Written by: Dan Slott
Art by: R.B. Silva
Colors by: Jesus Aburtov
Letters by: VC’s Joe Caramagna
If Fantastic Four is anything, it’s proof that the “Marvel Method” can give plenty of time for Marvel to print out a cool looking book, but can never give Dan Slott enough time to think of a clever way to finish a story.
R.B. Silva and Jesus Aburtov always do a great job with the fantastic four book. It’s always bright, colorful, and vibrant. The pinks, purples, and blues always pop in this series. There’s always something that catches your eye on every page. The art is the reason why I get so frustrated towards Dan Slott. He chooses to tell the readers with dialogue about every little thing that is happening or happened, instead of showing us with such a great creative team. Dan Slott has big ideas, I see the appeal with each one. Unfortunately those big ideas are bogged down with dialogue after dialogue, conversations that feel really pointless to the story at hand.
The idea of Silver Surfer teaming up with the Fantastic Four sounds like fun, but believe it or not, after reading this issue, it feels like the FF may have the Superman problem. Is there anything too big for them now? Dan Slott wrote the biggest MacGuffin since “Rosebud” and I’m afraid readers may see it as some sort of genius idea from Slott. Dan has been getting away with writing mediocre endings to the countless stories in Fantastic Four and they go no where. Griever, a being so full of hatred, tortured the Fantastic Four, for who knows how long, just to be talked down from the ledge and gets to push the fast forward button on life? That is what satisfies her? This goddess of destruction should relish in the possibility to destroy everything in her wake. Why would she be so satisfied to see everything end in an instant without her being the cause of it? It makes her character so mediocre, so non-important.
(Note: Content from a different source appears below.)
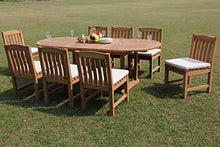 WholesaleTeakFurniture Grade-A Teak Wood 8 Seater 9 Pc Dining Set: 94" Mas Oval Trestle Leg Table and 8 Devon Armless Chairs #WFDSDV22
Dan Slott does give us a peak at Marvel’s Future State inside Grievers torture bubbles. The end of Dragon Man, Ben Grimm, Sue Storm, and Reed Richards. All dangling threads of psychological trauma for Slott to take advantage of in the future, but most likely won’t. Although I wasn’t impressed by the deaths of Dragon Man and Ben Grimm, the deaths of Sue Storm and Reed Richards could have been played out a little more. More context makes for better entertainment. Fleshing out those two mini stories could have given the readers more time with character building in showing why Sue should really feat Dr. Doom or the future of Reed and Ben’s friendship. Those threads interest me more than sending Griever first class to the end of the universe.
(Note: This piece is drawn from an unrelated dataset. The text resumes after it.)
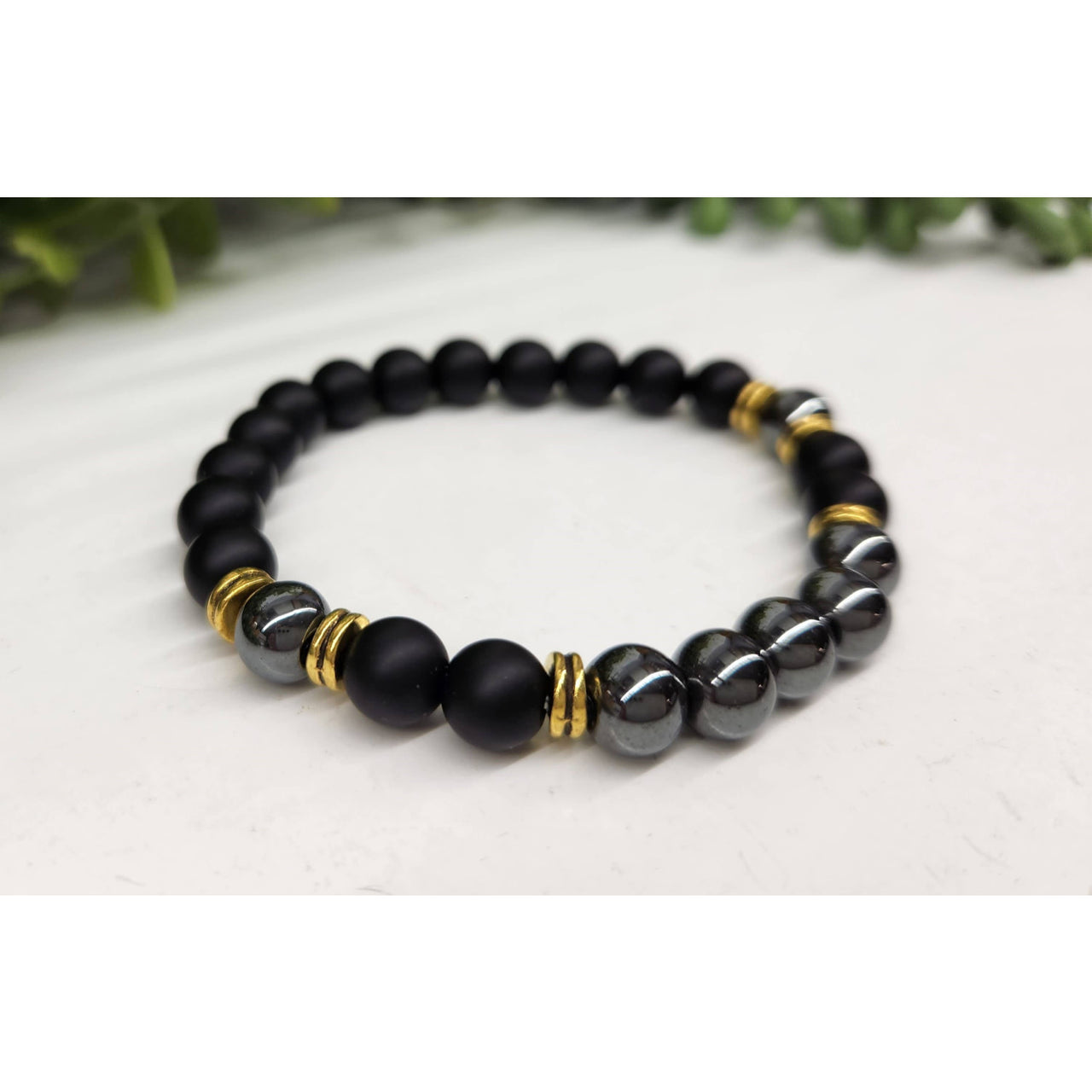 Black Obsidian Matte Hematite Bracelet with Gold Accents LV9519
Dan Slott’s execution to the numerous ideas in this book were just off. They all have potential, they all looked really cool. They just needed to actually settle into the story long enough to actually be something. Maybe the fact that this book is monthly is hurting it from being apart of the hype I almost forgot this book was still being published. With bigger things happening and other voices being louder, Fantastic Four continues to be the kid alone in the back of the bus.
One thought on “Fantastic Four #28 Review”
Thank you for the review. I’m not shocked by this conclusion, seems like the rest of Dan Slott’s work in the series: good ideas and half-baked execution. For example, the Dr. Doom nightmare: how he beats Susan and the FF is cool even practical, but the fact it took him 60 years to do it undercuts the idea. R.B. Silva’s art and Jesus Aburtov’s colors are amazing and I wish I could get textless versions of the comic art.